Dilettante was the one word capable of exciting Sir Herbert, later Lord, Kitchener. He forgot that he had made his own career sixteen years before by an arbitrary act that required an extension of furlough and the help of the press. Today he maintained the strictest discipline. When the Sirdar set out for the Soudan campaign, and of course an application for a commission in the campaign arrived from a certain sub-lieutenant at Bangalore, the reply was one syllable: no.

During the first World War Kitchener and Churchill sat together in the Cabinet, one as Secretary for War, the other as First Lord of the Admiralty. In the course of time a quite cordial relationship developed between the two. Or, more accurately, Kitchener surrendered to Winston Churchill’s charm and enthusiasm. Rather amused and a bit grouchy, he became reconciled to the “dilettante.”

Even as a young officer Churchill would not take no for an answer. There was another furlough due—how on earth did he do it?—and he made use of it to go to London. There lived his oldest ally, his clever Mamma.

Once again Lady Randolph pulled all her silken strings. For two months she lunched and dined her way through the entire list of British generals. After all, they had been friends of her late husband’s. That would excuse an occasional torchlike American glance, which even the most intrepid warrior could not resist.

An accident came to her aid. The aged Lord Salisbury, for the third time Prime Minister and omnipotent leader of the Conservatives—though the real power, Joe Chamberlain with the gold-rimmed monocle in the marble mask, stood behind him—read The Malakand Field Force. He invited the author to Downing Street. Churchill was overjoyed. How could he know that one day he would be master there himself, a mightier ruler than even the great and wise Lord Salisbury? All he knew was that for twenty minutes he would breathe the sacred air of the Cabinet, in which the fate of Empire was decided.

The interview lasted far beyond twenty minutes. Half an hour passed, and still the great man did not dismiss his youthful visitor. When the stroke of the grandfather’s clock warningly recalled the frantic schedule of the day, Lord Salisbury settled back comfortably in his armchair again. Winston Churchill had no way of knowing why the old gentleman was savoring the conversation in such epicurean fashion. In reality Lord Salisbury was thinking back to vanished days, the one special pleasure allotted to white hair. Then he said with old-fashioned formality to the little lieutenant: “I hope you will allow me to say how much you remind me of your father, with whom so many important days of my political life were lived.” They were most unpleasant days. Never had even an opponent involved the Salisbury Government in such critical situations as his own Chancellor of the Exchequer when he laid down his office. But memory gilds even bitterness. “If there is anything at any time that I can do which would be of assistance to you, pray do not fail to let me know!”

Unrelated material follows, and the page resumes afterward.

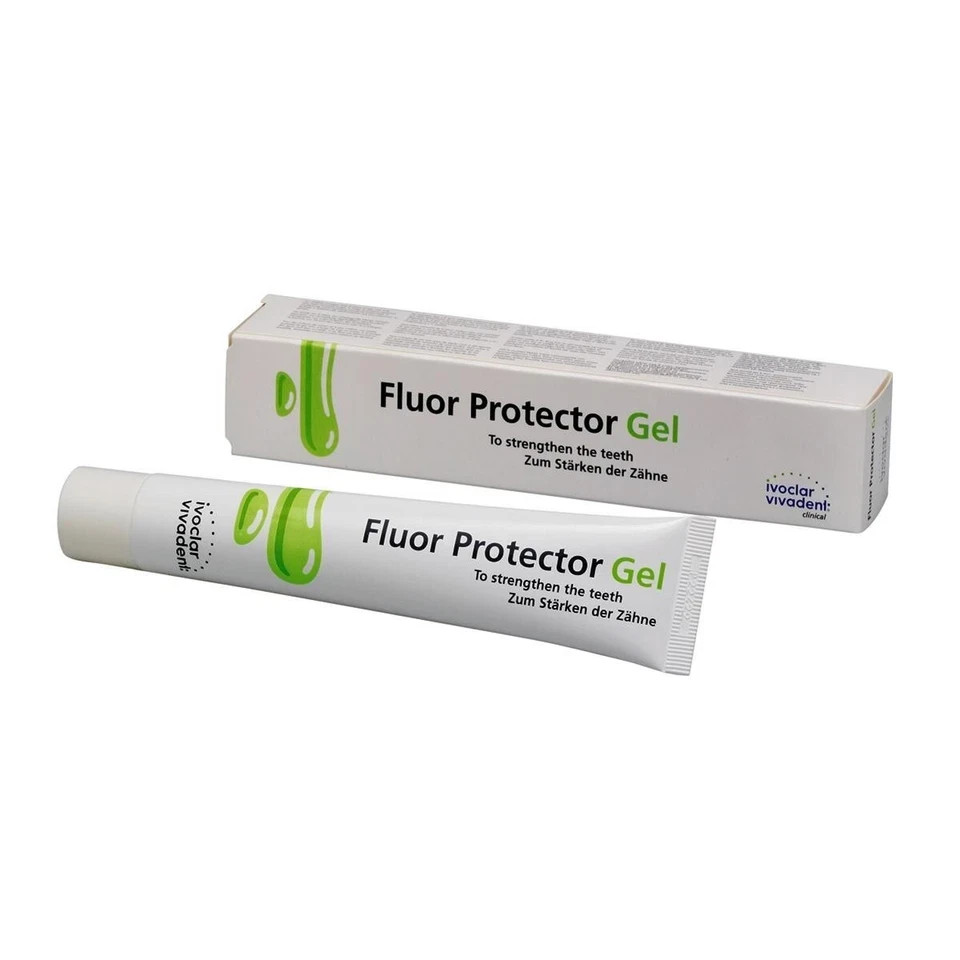 Ivoclar Vivadent Fluor Protector Gel Protect the Teeth Against Acid Attacks 50g.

Churchill took a few days to assimilate this phrase. Then he turned to the Private Secretary of the Prime Minister, Sir Schomberg M’Donnell.

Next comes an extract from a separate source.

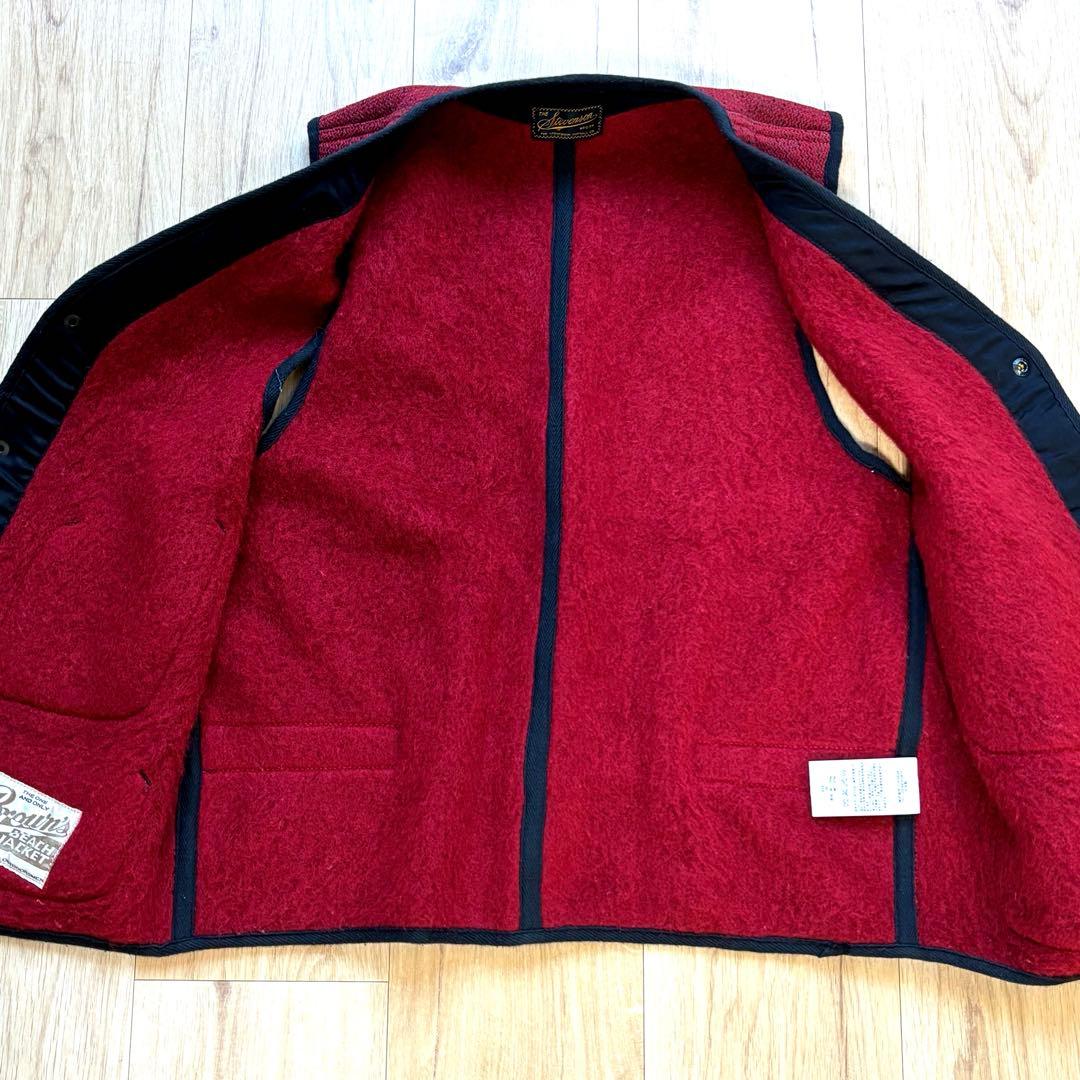 BROWN’S BEACH JACKET STEVENSON 別注ベスト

The next day a telegram from Lord Salisbury went off to the Sirdar. The following morning the answer was there: the Sirdar was sorry. He had all the officers he required, and if any vacancies occurred, there were others he would be bound to prefer before the young officer in question.

Finally drawing-room strategy proved more powerful than all Kitchener’s military art. Lady St. Helier, a friend of Mamma’s, spoke to Sir Evelyn Wood, the Adjutant-General in the War Office. At the moment Sir Evelyn was only an office general. But the stiff-necked independence of the Sirdar, “who, after all, is Commander in Field only of a very small part of the British Army,” had long since got on the nerves of the office generals. The chance for a slight riposte must not be allowed to pass.

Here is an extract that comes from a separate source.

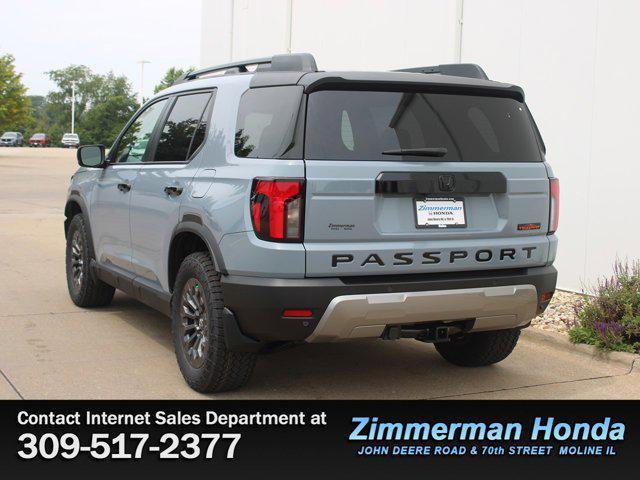 new 2026 Honda Passport car, priced at $51,915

Of course the War Office could not force an officer into Kitchener’s Egyptian Army. But what was the British contingent for, which was also leaving to join the Expeditionary Force?

“You have been attached as a supernumerary lieutenant to the 21st Lancers for the Soudan Campaign.” Churchill got this letter forty-eight hours after Lady St. Helier’s intervention. “It is understood that you will proceed at your own expense and that in the event of your being killed or wounded in the impending operations, or for any other reason, no charge of any kind will fall on the British Army funds.”

To raise Churchill’s spirits still further, the President of the Psychical Research Society begged him to get into communication if something unfortunate should occur.

More pleasant was the agreement with Oliver Borthwick, son of the proprietor of the Morning Post, Colonel Blimp’s own paper. Churchill received credentials as a correspondent, at fifteen pounds a column. His rate had tripled since India. When he reported six days later to the Regimental Headquarters at the Abassiyeh Barracks, there was but one worry in this best of all possible worlds: how would Kitchener take it?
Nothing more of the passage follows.